Questions posed during the starting process should inform what datasets you need and where you can access them. For water quality organizations, it’s helpful to differentiate between internal data sources like your own water quality monitoring data versus external datasets like weather, pollution, and demographic data.
When collecting and organizing internal data it’s crucial to gather and analyze all information about sampling methodology. This is especially applicable if your combining data across historical periods. For example, did your organization switch from collecting samples at the surface to the middle of the water column? Did you change your dissolved oxygen probe from one manufacturer to the other? Did your station move from the east side to the west side of a river? Changes like these could have significant statistical implications. At the very least, document these differences so when it comes time to analyze your data, your aware of possible statistical artifacts.
Complimenting your internal datasets with external sources is a great way to add depth and nuance to your own data. Look for datasets from federal and state agencies. These sources tend to be more reliable in addition to having greater spatial coverage, broader timeframes, and higher data granularity.
Explore this shortlist of federal sources including weather, demographic, and water quality data.
- National Water Quality Portal
- NOAA Weather
- USGS Monitoring Stations
- EPA Toxic Release Inventory
- American Fact Finder
Whether your downloading external files or uploading internal data, store them in a ‘raw data’ folder and make a ‘working’ copy before you begin any editing. This insures you have a fallback in the inevitable event of making mistakes during your analysis process. Next step is to read all metadata associated with your datasets.
While researching Baltimore’s sewage issue, I decided to combine multiple data sources to construct a narrative around a particular period of intense precipitation, sewage overflows, and bacteria levels. I collected three dataset. Water quality data from Blue Water Baltimore, precipitation data from NOAA, and sewage overflow data from Maryland Department of the Environment.
Good data, will come with some form of metadata — a file documenting variables, creation date, data issues, etc. Mistakes can often be avoided by familiarizing yourself with the metadata. Note in the metadata example above from NOAA that ‘9999’ indicates missing data. Missing values like this are good to be aware of during data processing as they can significantly skew statistics and vizulations, particularly averages and charts. As a test, you should be able to explain what each row and column represent and any pitfalls or data limitations related to your dataset. If your dataset doesn’t include any metadata, generate your own!

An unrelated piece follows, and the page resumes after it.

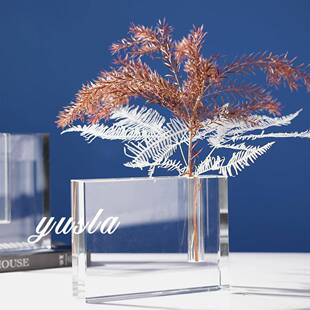 简约k9水晶客厅茶几干花瓶餐厅吧台柜花器别墅玄关柜摆件软装饰品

In addition to provided metadata, I listed out my datasets and key information which will help me shape my data processing and cleaning. The simple act of having all this information in one place can help kickstart your thinking about what work needs to be accomplished before any analysis occurs.

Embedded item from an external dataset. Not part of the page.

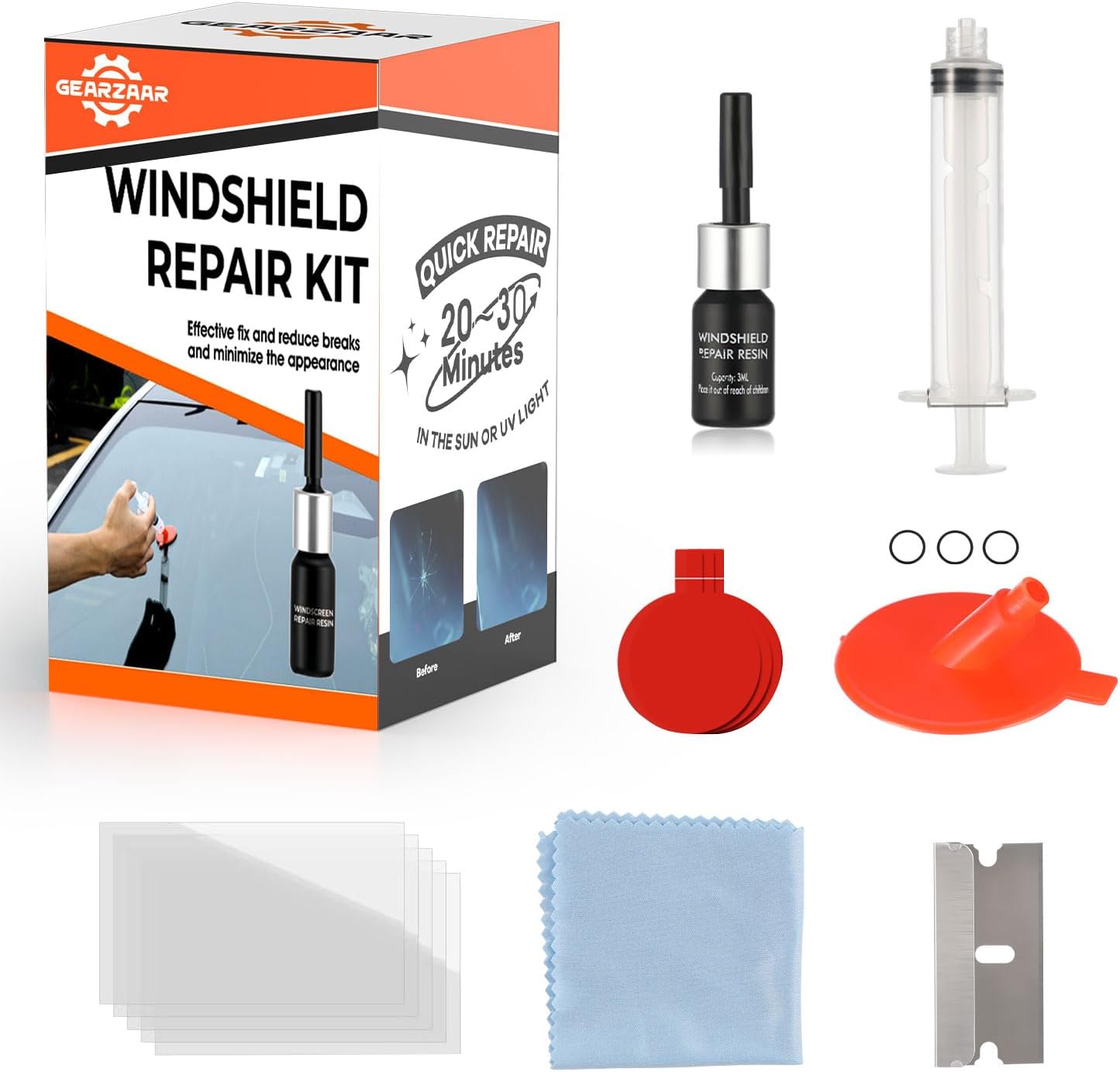 GEARZAAR Glass Windshield Repair Tool Kit Fix Car Wind Glass Windscreen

Note that I included a bullet for concerns to be mindful of later on. The Blue Water Baltimore Enterococcus data was particularly difficult to manage because the data was collected in semi-regular weekly intervals unlike the daily sewage and precipitation data. I decided to create a monthly average of stations exceeding a particular threshold instead of a daily or weekly average. I found this solution struck the best balance between effort and data granularity. Data regularity is a pretty common situation when dealing with citizen science data without perfectly consistent sampling cycles. Often these data conundrums are difficult problems to solve in one day. I find it useful to list my concerns and then ruminate on how best to address them. Decisions made early on can make or break your project so spend quality time thinking about your data concerns.